• [Your task]
Would you please copy the part of the material below that opens with the line containing "Скриншот 7 — Grisaia: Phantom Trigger Vol.2" and closes with the line containing "Fan icon 64x64"? Copy it exactly, and only it.

• [Supplied material]
┄┄┄┄┄┄┄┄┄┄┄┄┄┄┄┄┄┄┄┄
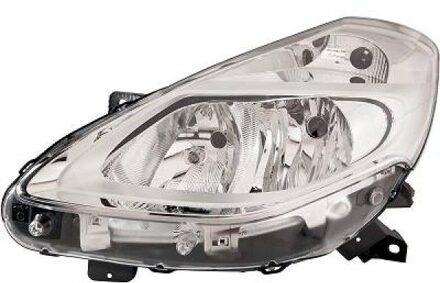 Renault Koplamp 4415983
┄┄┄┄┄┄┄┄┄┄┄┄┄┄┄┄┄┄┄┄
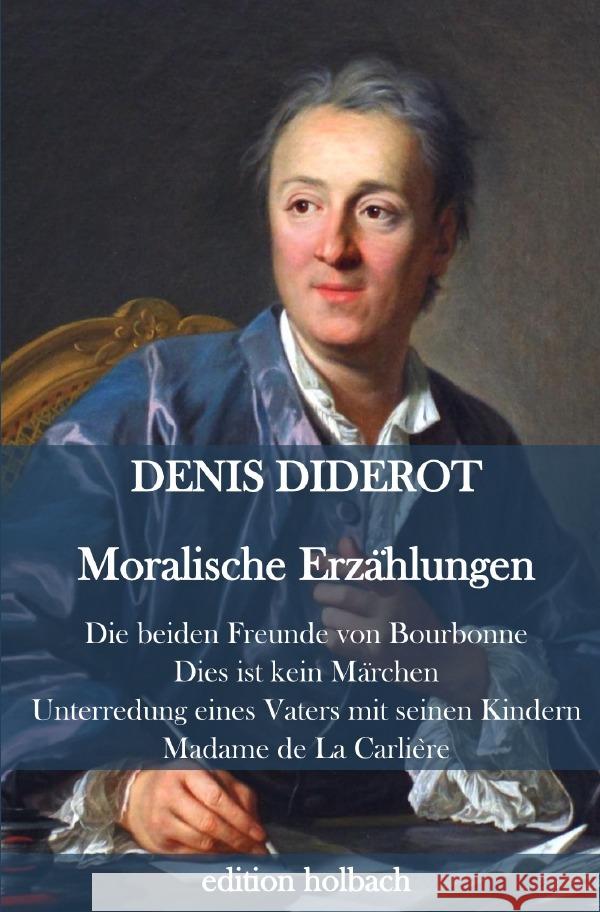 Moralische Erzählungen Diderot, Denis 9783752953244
┄┄┄┄┄┄┄┄┄┄┄┄┄┄┄┄┄┄┄┄
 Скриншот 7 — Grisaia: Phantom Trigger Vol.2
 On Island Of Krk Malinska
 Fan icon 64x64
┄┄┄┄┄┄┄┄┄┄┄┄┄┄┄┄┄┄┄┄
• [Your response]
 Скриншот 7 — Grisaia: Phantom Trigger Vol.2
 On Island Of Krk Malinska
 Fan icon 64x64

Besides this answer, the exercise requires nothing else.